Belki de, sadece sendeyken ayakta durup, haksızlıklar karşısında pısmışlığımdır, seni kızdıran... Hani, sendeyken, başım, sırtım dimdik kıyama durup, sağda solda ezilmekte olan nicesi için, parmağımı bile kımıldatmayışıma kızmışsındır belki... Öyle ya... Kıyam, sadece senin bir parçan olarak kalmamalıydı. Tüm hayatıma yayılan ve cesurca, haksızlıklar karşısında da dimdik durabilmemi sağlayan bir idman olmalıydı. Kıyam... Evet ya... Kıyamı sadece sana mahsus bir basit harekete dönüştürüp, korkaklığa ve yılgınlığa düşüşümden rahatsız olmuşsundur belki... Nefsimin azgınlığı ve yersiz istekleri karşısında da... Şeytanın fısıltıları karşısında da kıyama geçebilmeliydim... Tabi yaa... Seni, bütün hayatımı kaplayan bir sevda gibi yaşayamadığıma içerledin!
Ya da, belki sadece dilde kalan duâlarımdı seni üzen... Doğru düzgün hissetmekten geçtim, anlamlarından bile gâfil olduğum âyetleri, sadece, ağız alışkanlığıyla, hızlı hızlı okuyup da, bunu da okumadan sayışıma mı bozuldun? Ki dile gelişleri bile yarım yamalak, eksik gedikti... Hâlbuki Hak'la konuşmak olmalıydı, sende okumak! Bulaşık yıkarken türkü mırıldanmaya benzememeliydi. Ne yalan söyleyeyim, çoğu zaman, sendeyken alamadığım hazzı, bir türkü söylerken hissettim. E tabiî bakmazsın yüzüme! Ben sana âşık olamadım!
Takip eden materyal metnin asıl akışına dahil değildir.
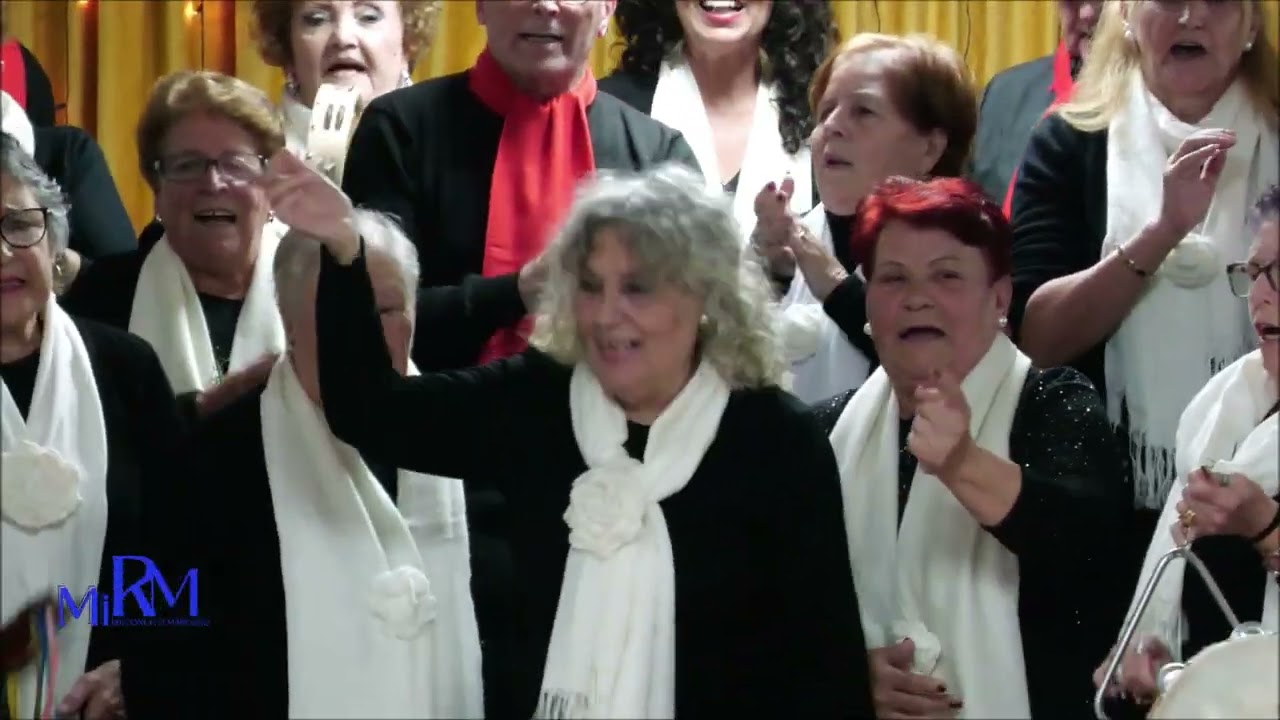 CORO CAMPANILLEROS SABOR ANDALUZ CPA  PENSIONISTAS ISLA CRISTINA 12 DE DICIEMBRE 2024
Eğildim... Kıyamlarımın beni dik başlı yapmaması için, eğilmemi öğütlerdin çünkü. Yoksa, diyorum, rukûlarda söylediğim o, Sübhâne Rabbiye l-Azîm lerin içi mi boştu ki? Hani hem, O'nun bütün eksikliklerden münezzeh bir güç olduğunu söyleyip, hem de yine O'nun yaptıklarında kusur buluşlarım mıydı seni küstüren? Öyle ya, mademki eksiklikten münezzehti, her yaptığı da mutlaka, bir sebeple, bir hikmetleydi... Sabredemeyip, şikâyet ettim. Bel çalıştırmaktan ibaret bir beden hareketinden öteye geçmeyince... Ubûdiyete götürmeyince rukûlar beni, dedin ki belki: Boşa kürek sallıyorum, burada vakit kaybetmeyeyim!
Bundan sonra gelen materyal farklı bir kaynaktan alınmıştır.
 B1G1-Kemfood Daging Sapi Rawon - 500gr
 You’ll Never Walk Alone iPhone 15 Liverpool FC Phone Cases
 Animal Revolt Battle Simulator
Âhh, neler neler geliyor aklıma... Yoksa diyorum, alnım yere değmişken, aklım havada olduğu için mi darıldın? Kalıbım, sevgilisinin ayaklarına kapanmış, mahcup ve yanık birininkini andırırken, kalbim, ukalaca ve âsice çarptığı için mi? Hani Subhâne Rabbiye l-A lâ! sözleriyle yüceltirken Rabbini, bir yandan, o en Yüce'nin râzı olmayacağı laflar edişine mi kızdın dilimin? Âhh, o dil var ya, o dil! Kemiği yok işte mübâreğin! Hem canım, sen ne diye takıldın ki, o densize?!
Ya da ona takılmadın da belki, yerinde duramayan, jet hızıyla bir çukura, bir zirveye gidip gelen hâllerimdi seni üzen... Ânı yaşayamadım doğru-düzgün, evet... Sadece, anlık yaşadım her şeyi... Samimiyet ve istikrar bekledin... Veremedim...
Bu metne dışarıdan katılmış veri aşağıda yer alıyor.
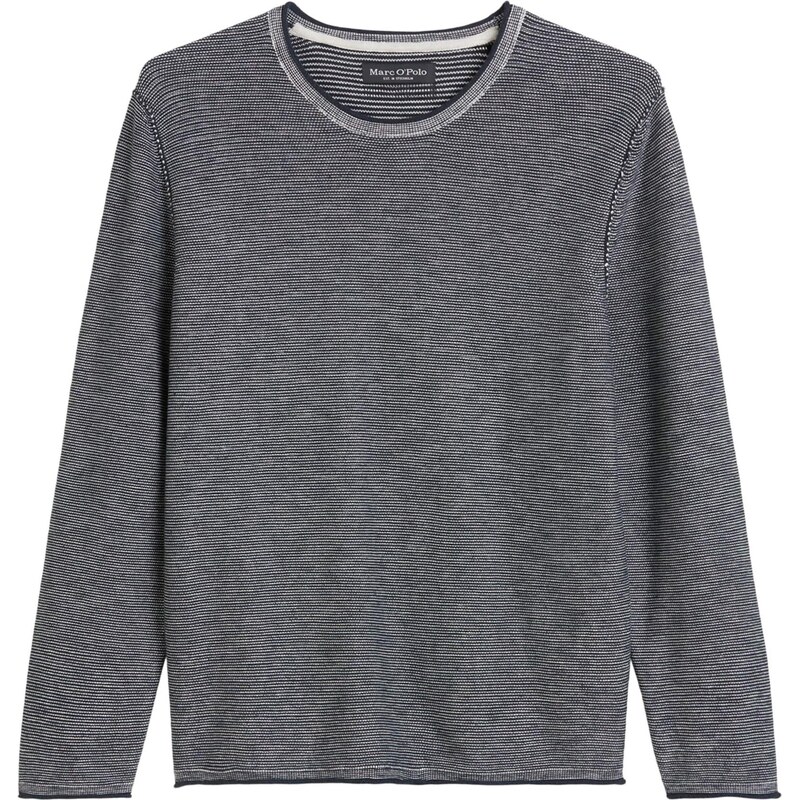 Marc OPolo Sveter tmavomodrá / biela 66298226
Selamlarım, Kirâmen Kâtibîn'e idi ama... Beş vakit selam verip, yine de onların varlığından gaflete düşüşümdü belki, gidişinin sebebi... Her yaptığımı... Ve yapmam gerekirken yapmadıklarımı yazan... Her söylediğimi... Ve söylemem gerekirken sustuklarımı yazan... Her kaçtığımı... Ve kaçmam gerekirken yakalanıp kaldıklarımı belgeleyen o yazıcılar mı şikâyet etti beni sana? Bilmiyorum ki...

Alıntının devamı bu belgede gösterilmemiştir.